Chop the onions into thin slices and fry gently in a large frying pan with some of the oil or butter.
While the onions are frying prepare your green vegetables and further slice the liver if necessary.
Prepare a plate or wide bowl, covering it in flour mixed with a bit of salt and pepper. This is for dusting the liver prior to frying - easiest done if you arrange the liver, flour and frying pan in a straight line across your work-surface.
Once the potatoes are cooked - drain and then mash them, adding butter and cream or milk until you have the desired consistency. Put a lid on the pan to keep warm.
Once the onions are soft, remove them from the pan with a slotted spoon, squeezing the oil or butter back into the frying pan as you remove them.

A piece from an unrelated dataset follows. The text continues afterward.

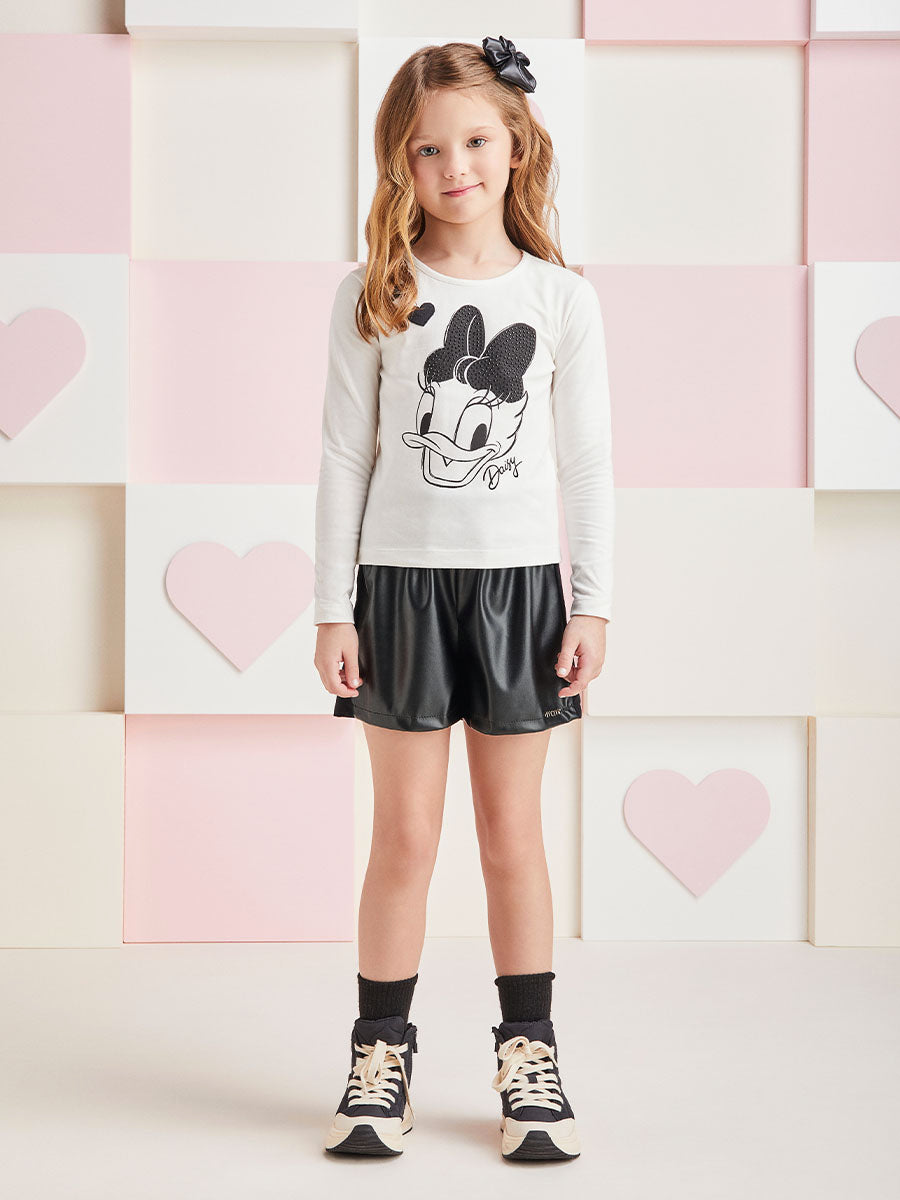 Conjunto Infantil Momi Inverno Shorts Preto e Blusa Margarida Disney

Put them in a bowl on one side.
Turn the heat of your frying pan up as high as possible and add a bit more oil or butter if necessary.
Start the process of dusting the slices of liver with flour on both sides and adding them to the hot pan. This needs to be done as quickly as possible and can be quite messy. Do not over-crowd the pan - if you find the liver takes up more surface-space than is available then leave the remains on one side and fry in a second batch.
The liver should be cooked fast, for only about a minute on each side so the slices are still pink within. Turn them over a couple of times. Quite a bit of the flour and blood will stick to the bottom of the pan. This is ok - don't scrape it off as it will be used for the gravy in a moment.
Once the liver is done to your satisfaction remove it from the pan and put directly onto warmed plates. Have someone else serve out the mash and vegetables while you finish the gravy..... The trick is to try and not let everything else get cold while you are doing this.
Leaving the pan on a high heat, put the onions back in, add a good splash of Hendersons, and stir vigorously while adding boiling water (even better, you can re-use the hot water from the vegetables - this can be a smooth manoeuvre, draining it into the gravy as you pass the pan over to be served onto plates), dissolving the juices stuck to the bottom of the pan. The gravy should thicken from the flour already stuck to the bottom of the pan. If it doesn't get thick enough you can add a bit more flour or cornflour (mixed with a little cold water in a small cup to avoid lumps). Once the gravy is hot and thickened, spoon generously over the plates.